Reviews

Australia

1

Luhrmann’s outdoor opus still feels theatrical…

Let’s talk turkey. Is director Baz Luhrmann’s lovingly-crafted and famously overcooked Outback epic just a lavish portion of Twizzlers? And will this DVD enlighten you about the gap between his muchtouted vision and his movie? Or why Nicole Kidman’s forehead is about as mobile as Uluru? Nay, nay, and thrice nay…

Australia isn’t a dud: it’s a fascinating high-stakes misfire, a movie-mad movie that wraps together Luhrmann’s love of Hollywood cinema with his love of Australia in one big, shiny, highly artificial parcel.

The results are occasionally breathtaking (glorious Northern Territory landscapes, a heartstopping cattle stampede) and frequently over-ambitious (the bombing of Darwin stretches both the movie and the viewer’s patience). And when it comes to the stilted central romance between Kidman’s prissy Anglo-aristocrat and Hugh Jackman’s stereotypically rugged cattle-drover, Australia is sometimes downright embarrassing. Especially since Kidman seems to have swapped her Oscar-winning acting chops for a Stars In Their Eyesstyle Katharine Hepburn impersonation.

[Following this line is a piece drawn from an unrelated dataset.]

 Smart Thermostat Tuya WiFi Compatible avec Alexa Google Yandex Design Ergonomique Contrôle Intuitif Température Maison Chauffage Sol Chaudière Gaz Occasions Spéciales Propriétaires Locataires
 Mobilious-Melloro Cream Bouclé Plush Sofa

So, curious about why Luhrmann stylishly but fatally shoehorned together an Outback love story, cattle-drive, war flick and the Aboriginal history of the ‘Stolen Generations’? Or why the cast whistle ‘Somewhere Over The Rainbow’ endlessly? Alas, you’ll find no answers here. This near-barebones release (just two deleted scenes as extras, against the 10 featurettes on the Blu-ray version) has no chat-track. Even if they’re understandably hoarding goodies for the Special Edition, this seems a tad harsh.

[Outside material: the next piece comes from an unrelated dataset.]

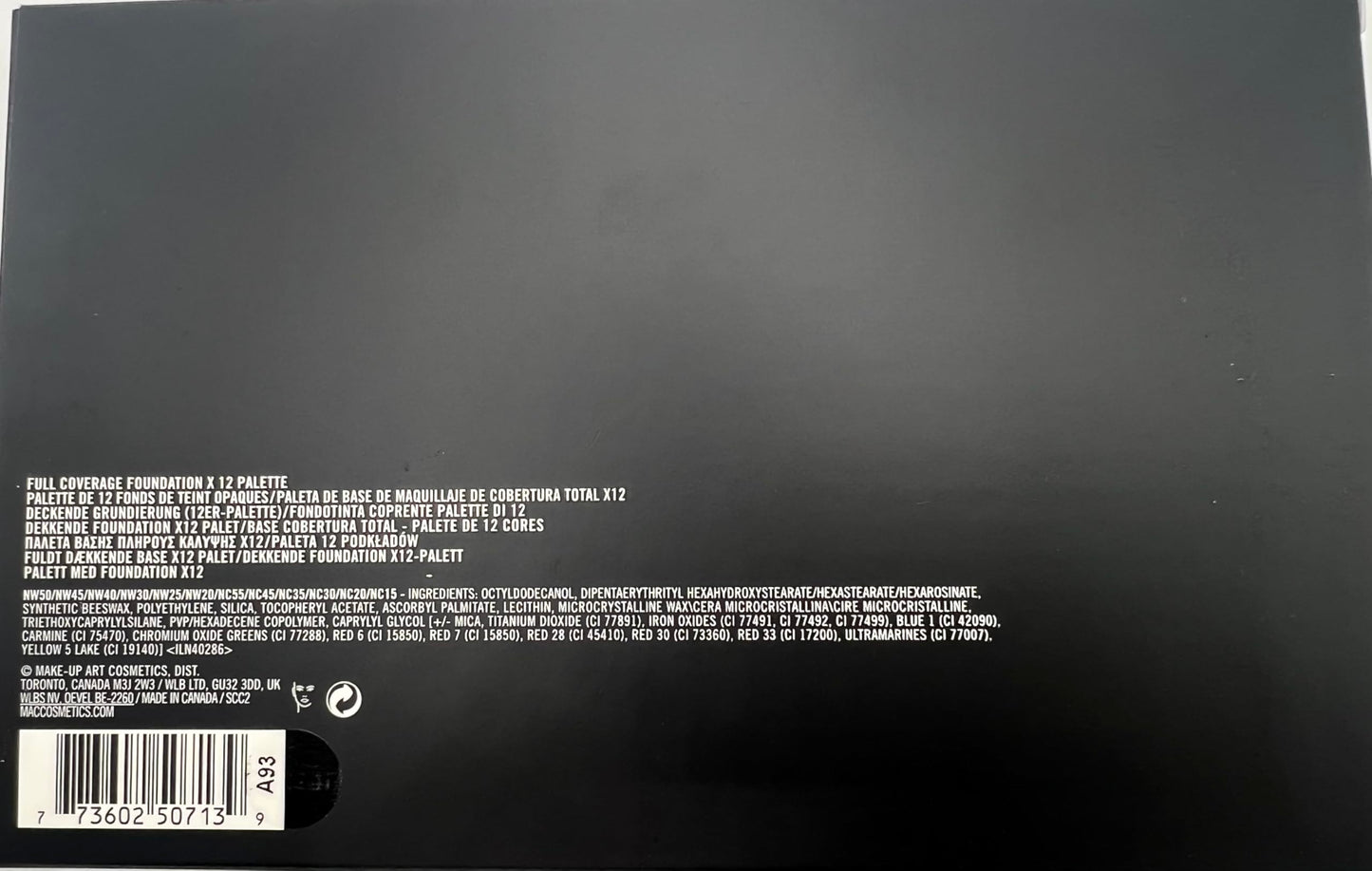 MAC Full Coverge Foundation x 12 Pro Palette — 1 oz / 30 g (12 Shades)
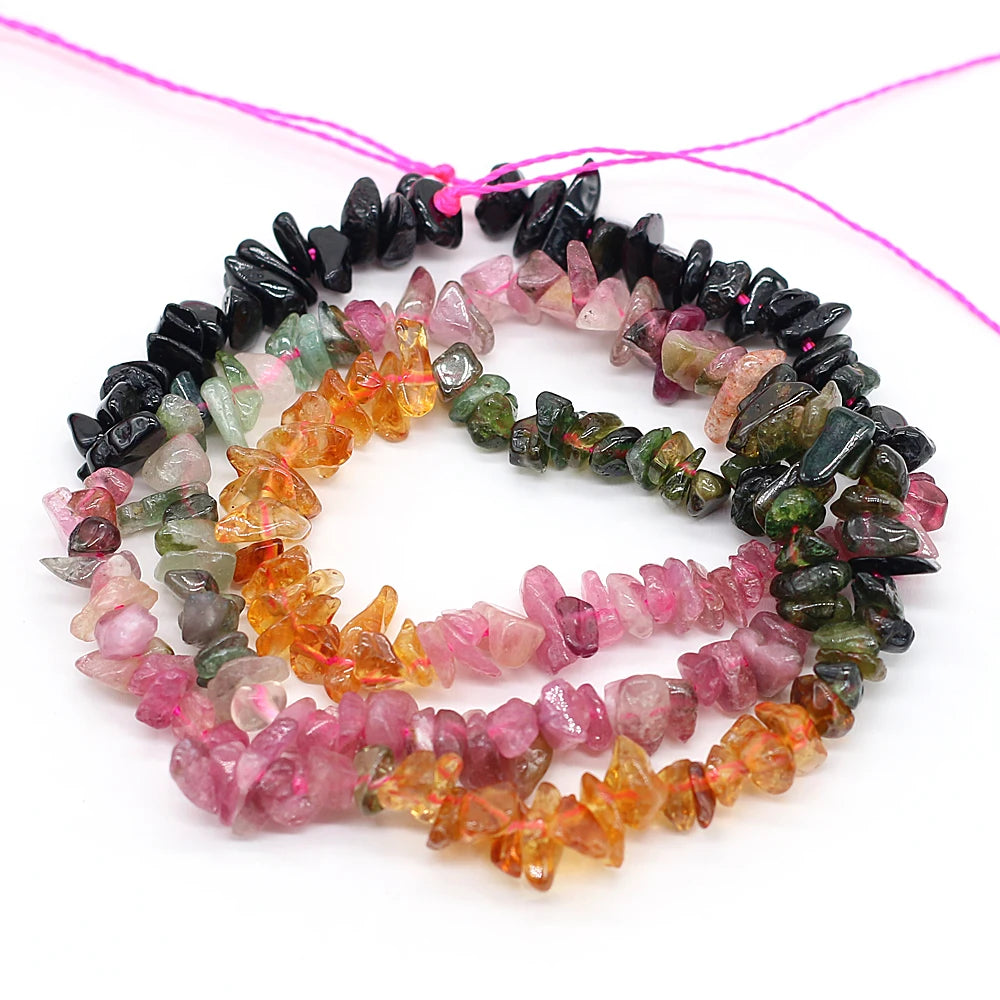 Multicolor Natural Watermelon Rainbow Tourmaline Stone Beads Irregular Gravel Chip Loose Beads DIY Bracelet Jewelry Making 15''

Luhrmann talks a good movie, even when he hasn’t made one, and for lovers of his ‘Red Curtain Trilogy’, Australia is a film full of intriguing questions that we’d like answered. Why, for example, is the opening section a frantic, comic dash full of barbrawls and kangaroo-killing, which sits so oddly with a mystical, but curiously involving subplot in which urchin narrator Nullah uses the sacred magic of King George, his Aboriginal grandfather?

At a guess, Luhrmann couldn’t hold back his love of the unabashedly theatrical (his pistol-packing Romeo + Juliet, the velvety kitsch of Moulin Rouge!) – which chafes against the earthy, outdoor epic he’s attempting. You can see what he’s after in the naked homages to The African Queen, Red River and Lawrence Of Arabia, but the big-themes-and-wide spaces don’t gel here as in their illustrious predecessors.

Still, Australia gives it a damn good shot and even when its genres and ill-matched stars collide like bumper cars, its failings are in trying to do too much, not too little. The same generosity of spirit is notably lacking in the standard DVD, which inexplicably short-changes a bighearted movie with a small-minded presentation.